Online wine clubs are shaking up the wine industry not only in moving retail from brick-and-mortar to online stores, but also in the types of wines being bought and their target audience.

Profile-based recommendations are giving consumers confidence to buy more obscure wines, including unknown varietal as well as small production wines that don’t get a lot of shelf space at traditional liquor stores, but are being featured in online wine clubs. Wineries are also using the taste profile information gathered through these clubs to help tailor wines to consumer preferences, helping to make the wines more commercially successful.

These wine clubs are helping to transform the market of wine drinkers from a smaller affluent group to a broader market, particularly focused on millennials.  By making wine and wine knowledge more accessible, these clubs are removing barriers that have held many back.

March 6, 2017

Wine and AI: A Perfect Pairing of Technology and Tradition

If you have trouble figuring out what is the best wine to pair with tonight’s dinner, we have some good news: artificial intelligence may soon be able to help you with that age old question, ‘Chardonnay or Sauvignon Blanc?’ That’s because a new wave of AI-powered virtual sommeliers are now available to help make those decisions.

Old Problem, New Solution

For decades the wine industry has struggled to overcome the anxiety associated with selecting a wine. Now thanks to technology you no longer have to have an awkward conversation with the clerk at the wine store, but can turn to a virtual sommelier to pick the perfect bottle.

There have been many virtual wine selectors available for some time.  However, we are now seeing increasing intelligence integrated into these solutions, making them both more powerful and more personal.

Wine Ring, headquartered in Syracuse, New York and founded in 2010, offers one of the most personal wine selection experiences available.  Unlike other apps that offer wine suggestions based on pairing suggestions or expert ratings, Wine Ring bases suggestions on your individual preferences.  This app uses advanced algorithms to develop a personal profile based on your rating of wines and then recommends bottles based on your taste profile. The more wine you drink and rate, the better the AI and the better the wine recommendations.

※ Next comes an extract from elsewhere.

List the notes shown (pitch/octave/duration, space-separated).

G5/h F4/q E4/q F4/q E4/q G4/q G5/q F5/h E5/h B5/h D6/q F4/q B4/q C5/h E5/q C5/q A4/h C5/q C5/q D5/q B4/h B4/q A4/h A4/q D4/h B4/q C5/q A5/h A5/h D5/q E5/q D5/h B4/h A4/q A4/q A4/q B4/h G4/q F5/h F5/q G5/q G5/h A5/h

Google is also serving up wine suggestions.  Google’s new “My Wine Guide” is a conversation action added to Google Assistant for wine pairing suggestions.  While My Wine Guide is currently limited in its depth of AI and personalization of wine suggestions, what makes Google’s virtual sommelier most promising is how it integrates easy conversation format with computer based wine queries. Looking forward, “My Wine Guide” could become even more useful is to take the food pairing suggestion and then offer a variety of wines matching that paring at different price points which the user could verbally order and have delivered via a service like Drizzly, all from conversation based commands.

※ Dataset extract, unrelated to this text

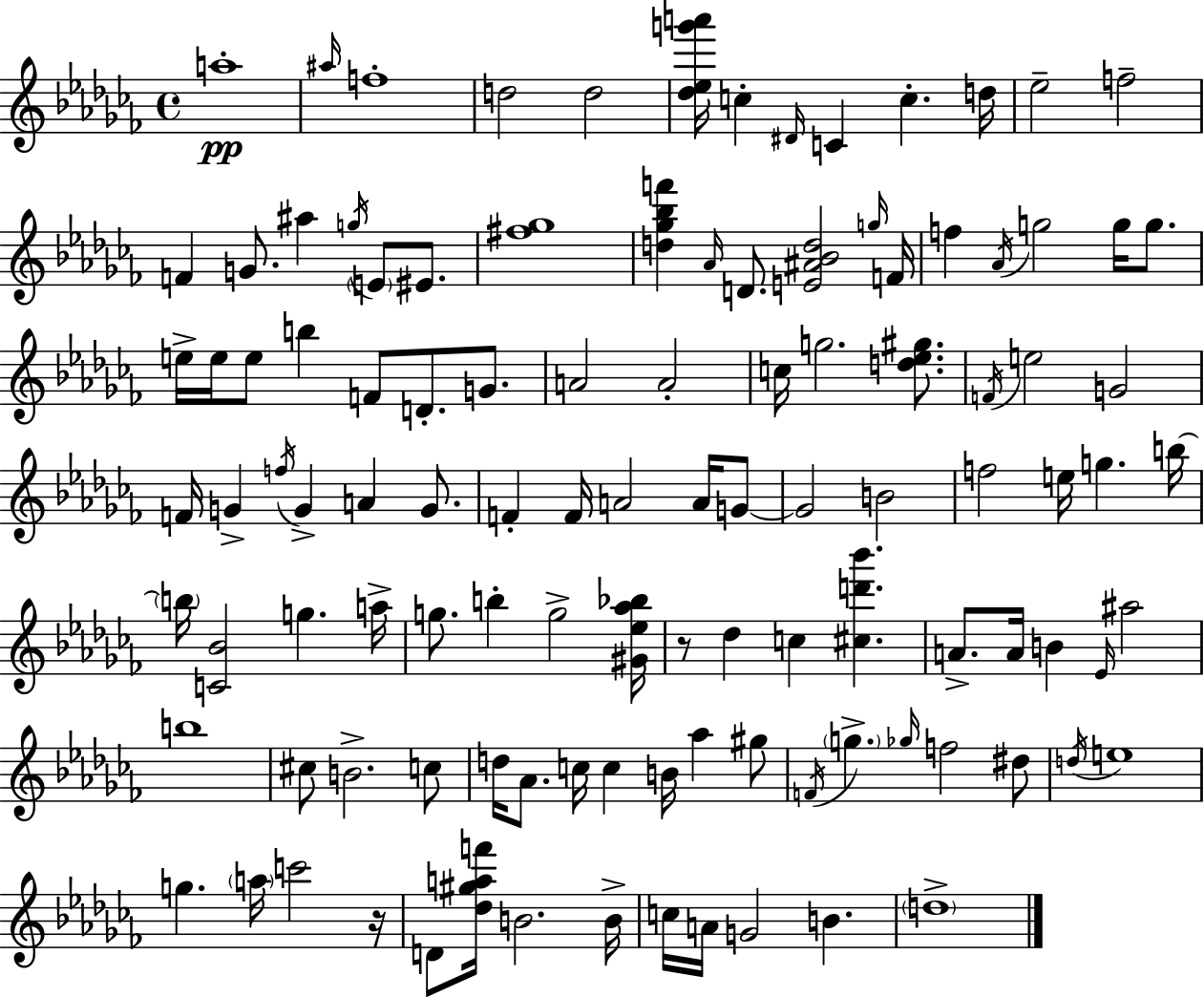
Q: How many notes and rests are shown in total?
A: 111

Once you get your recommendation from Wine Ring or “My Wine Guide” you can take it to Wine Searcher, a tool for locating and pricing wine (and beer and spirits) across all online stores.  Wine Searcher uses artificial intelligence to classify wines, linking the hundreds of thousands of products and tens of thousands of retailers to produce wine suggestions and pricing based on inputted search terms.

Wine Searcher is also integrating label recognition technology and developing a chatbot to improve user interaction with the site.

Vivino is already using label recognition technology to help guide wine purchases.  With Vivino the user simply takes a photo of the wine label they are considering and is instantly provided the wine’s rating, average price and review from the community of 22 million users.  The app then tracks which wines you scan and rate, but does not at this point offer suggestions based on your profile.

All of these tools aim to take the age-old mystery out of picking wine by applying artificial intelligence. While the wine industry is steeped in tradition and ancient ways, it could be the very modern application of artificial intelligence that makes wine and wine selection relevant to today’s consumers.